(EXERCISE REQUIREMENTS): Could you please write out each line of the records exactly, minus the pictures?

----------------------------------------

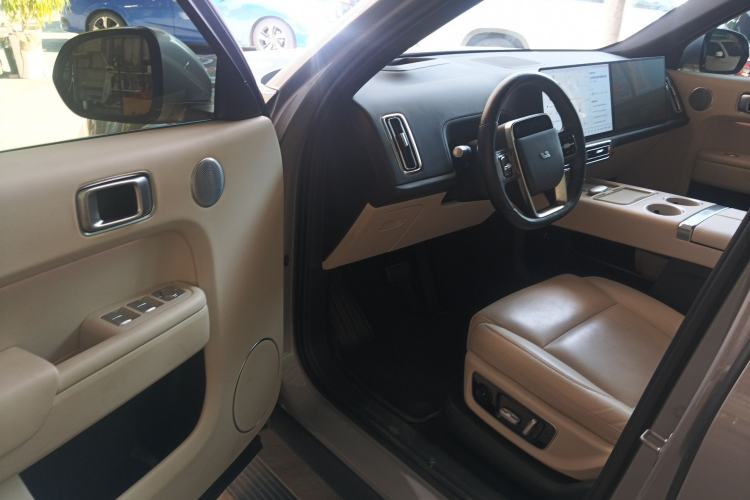 Used Li Auto L9 2022 Max model
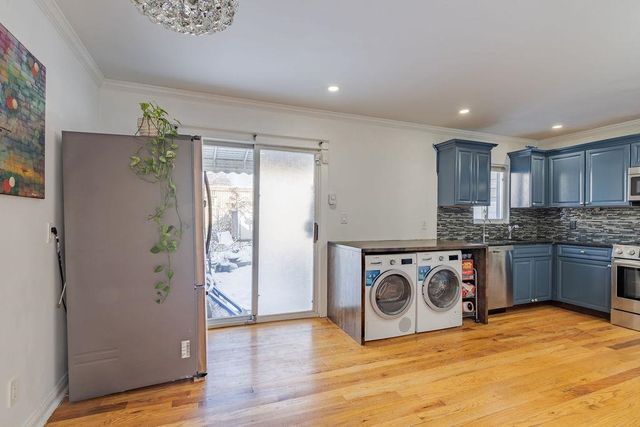 179 HOBART AVE, Bayonne, NJ 07002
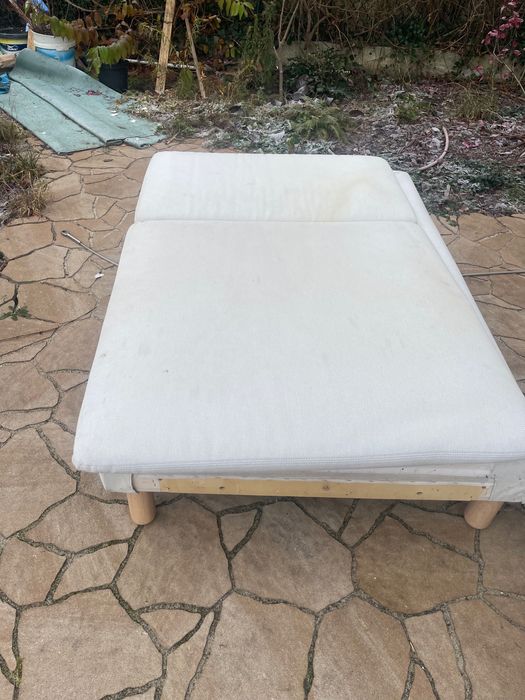 ikea leżanka beżowa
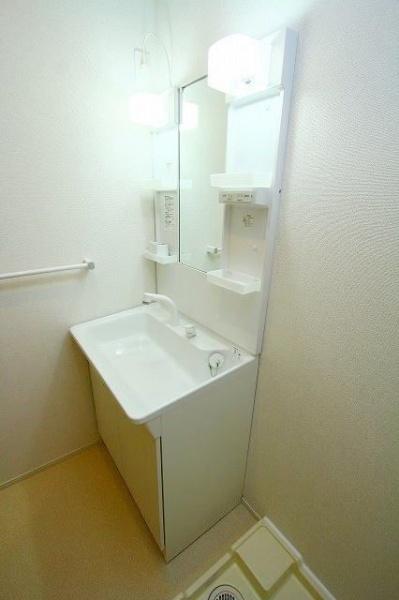 シャロンフォンブルーメン
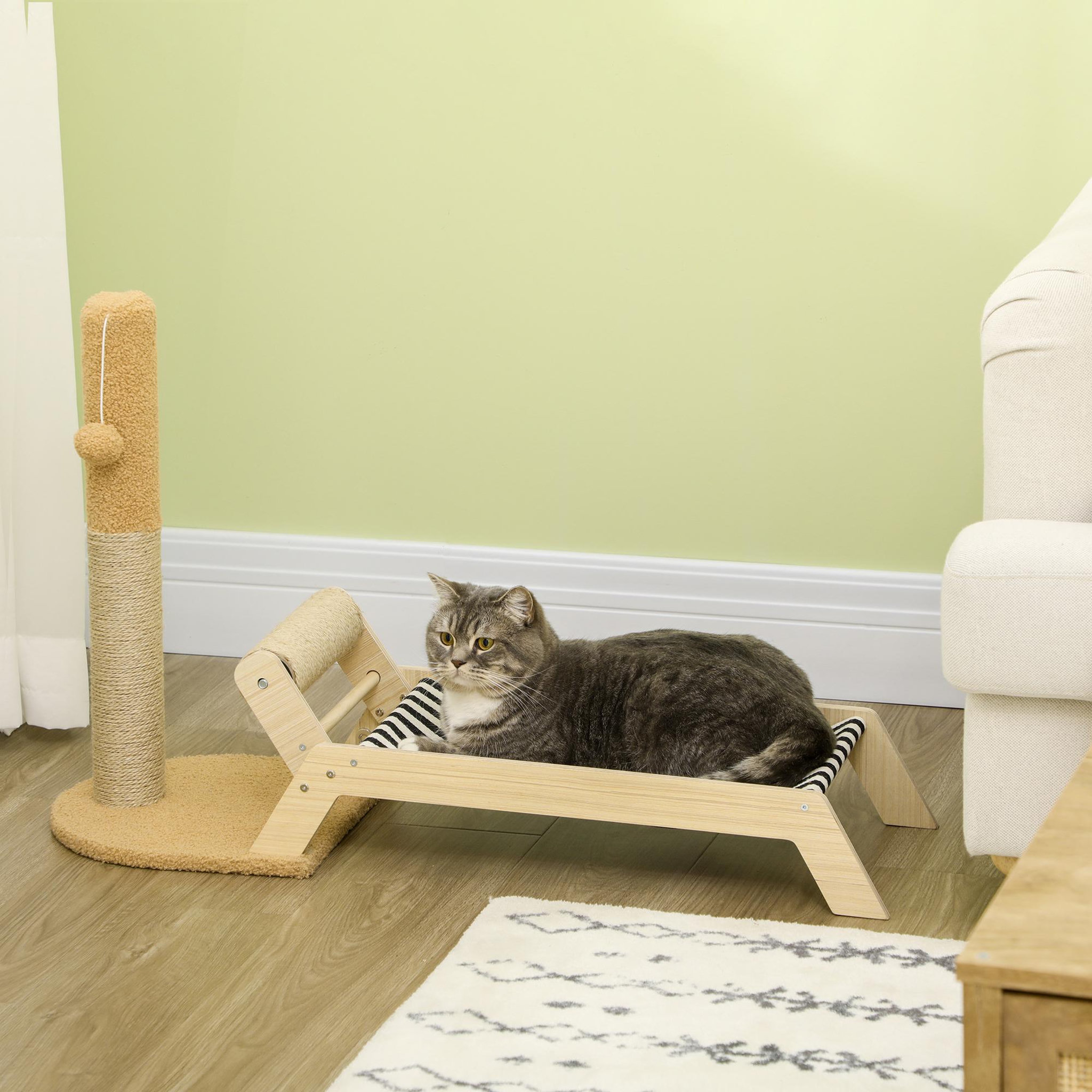 Voir la diapositive 2 : PAWHUT Lit pour chat arbre à chat griffoir grattoir avec hamac et pompon suspendu dim. 88,5L x 31,5l x 54,5H cm naturel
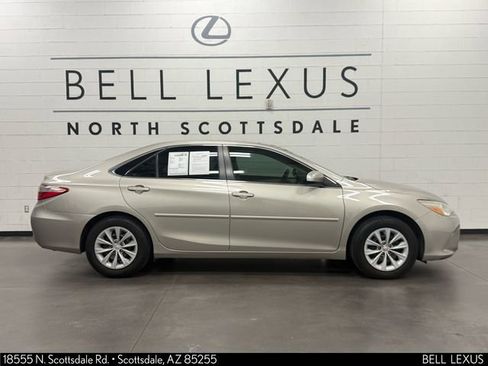 Used 2016 Toyota Camry LE image 3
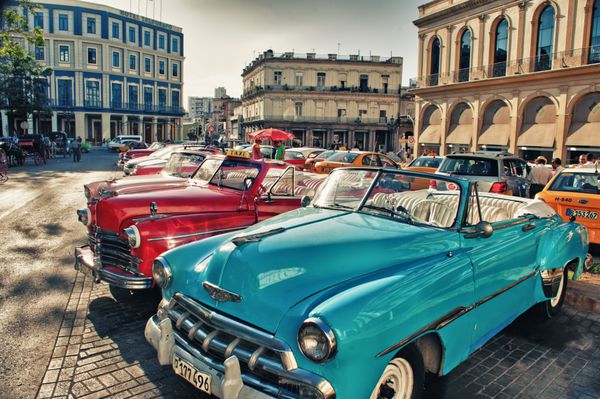 HAVANA CUBA- OCT 21 2016 ماشین قدیمی آمریکایی کلاسیک پارک شده در t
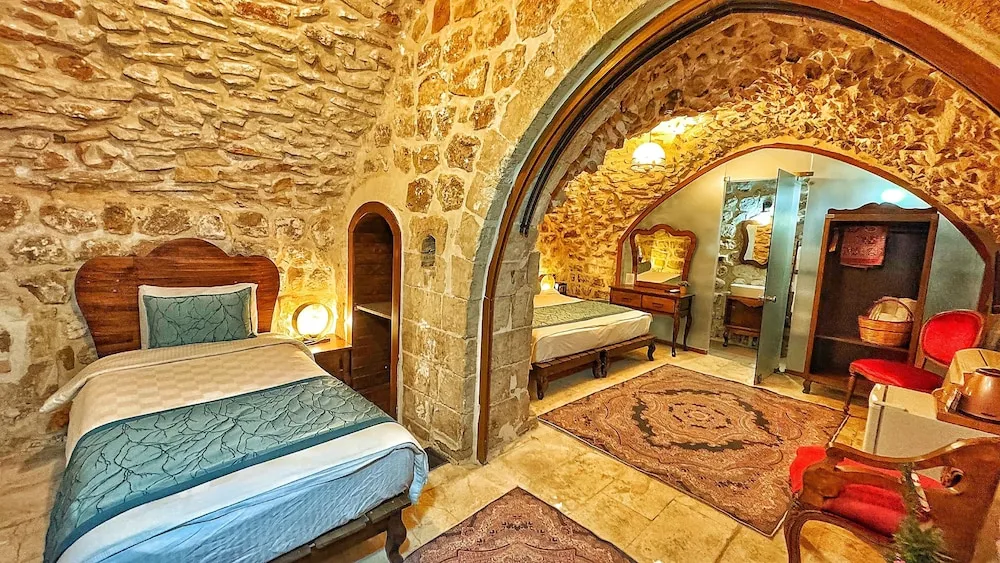 Comfort Oda, Birden Çok Yatak, Avlu Manzaralı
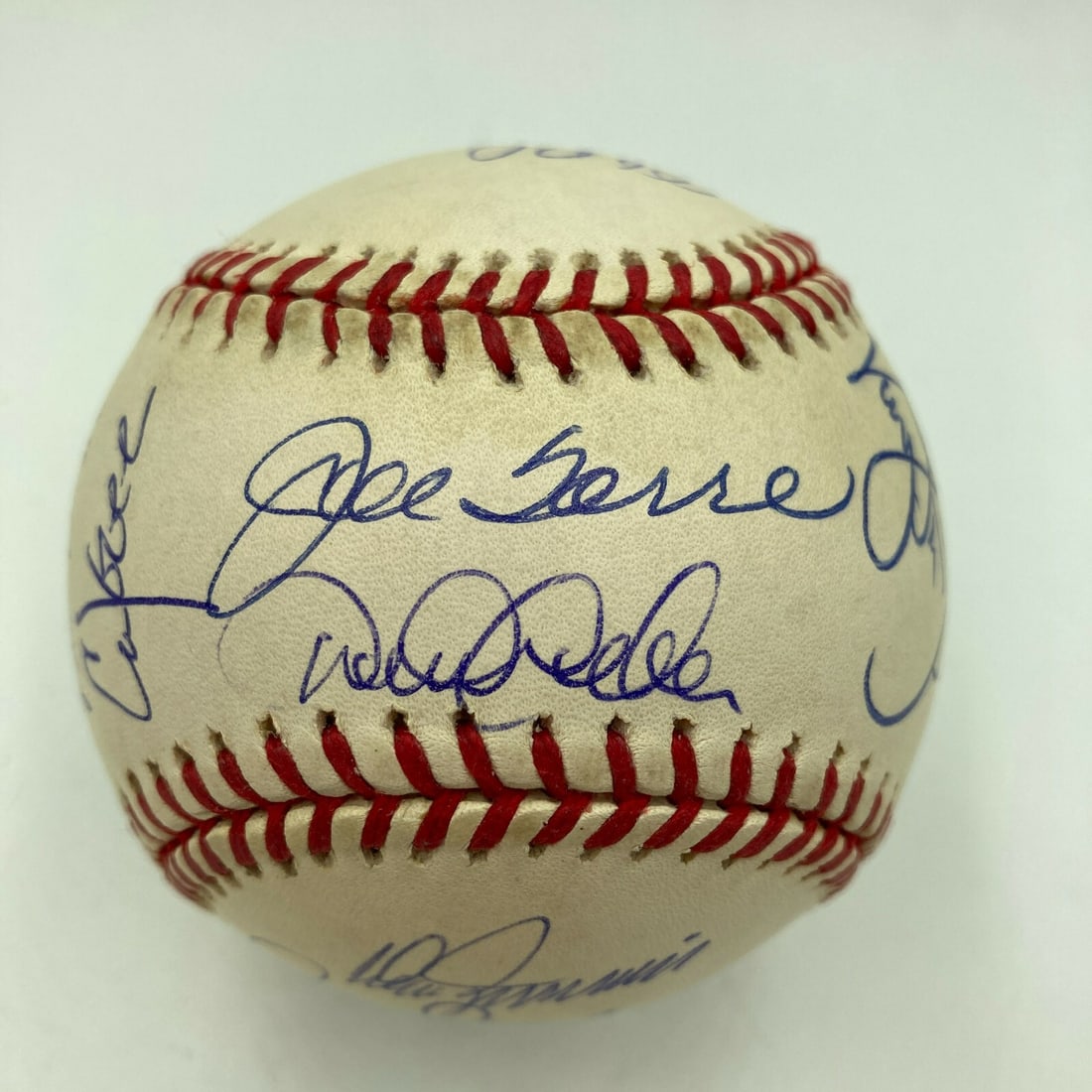 1999 New York Yankees Limited Edition Signed Baseball JSA Derek Jeter 21 Signatures: 1999 New York Yankees Limited Edition Signed Baseball JSA Derek Jeter 21 Signatures This is a limited edition baseball commemorating the 1999 New York Yankees World Series Championship, signed by key 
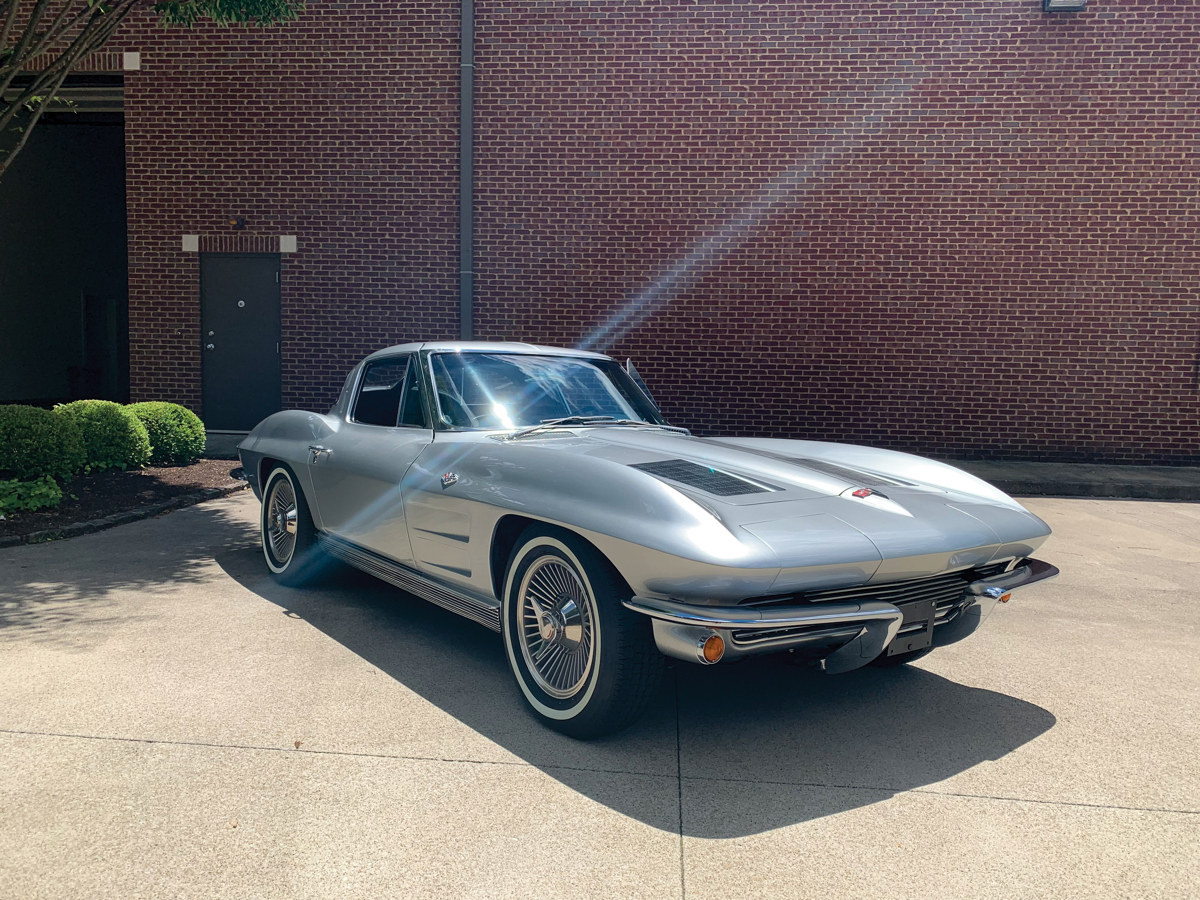 1963 Chevrolet Corvette Sting Ray ‘Split-Window’ Coupe offered at RM Auctions’ Auburn Fall live auction 2019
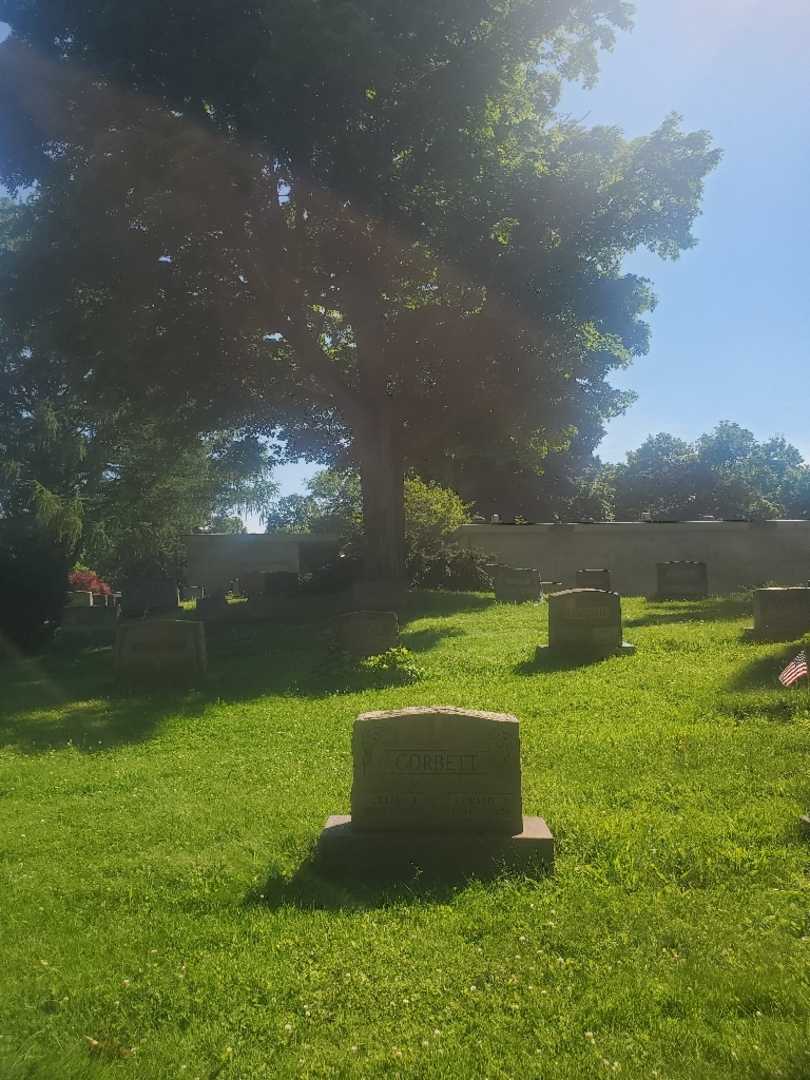 Lillian I. Corbett's grave. Photo 1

----------------------------------------

(WRITTEN ANSWER):
 Used Li Auto L9 2022 Max model
 179 HOBART AVE, Bayonne, NJ 07002
 ikea leżanka beżowa
 シャロンフォンブルーメン
 Voir la diapositive 2 : PAWHUT Lit pour chat arbre à chat griffoir grattoir avec hamac et pompon suspendu dim. 88,5L x 31,5l x 54,5H cm naturel
 Used 2016 Toyota Camry LE image 3
 HAVANA CUBA- OCT 21 2016 ماشین قدیمی آمریکایی کلاسیک پارک شده در t
 Comfort Oda, Birden Çok Yatak, Avlu Manzaralı
 1999 New York Yankees Limited Edition Signed Baseball JSA Derek Jeter 21 Signatures: 1999 New York Yankees Limited Edition Signed Baseball JSA Derek Jeter 21 Signatures This is a limited edition baseball commemorating the 1999 New York Yankees World Series Championship, signed by key 
 1963 Chevrolet Corvette Sting Ray ‘Split-Window’ Coupe offered at RM Auctions’ Auburn Fall live auction 2019
 Lillian I. Corbett's grave. Photo 1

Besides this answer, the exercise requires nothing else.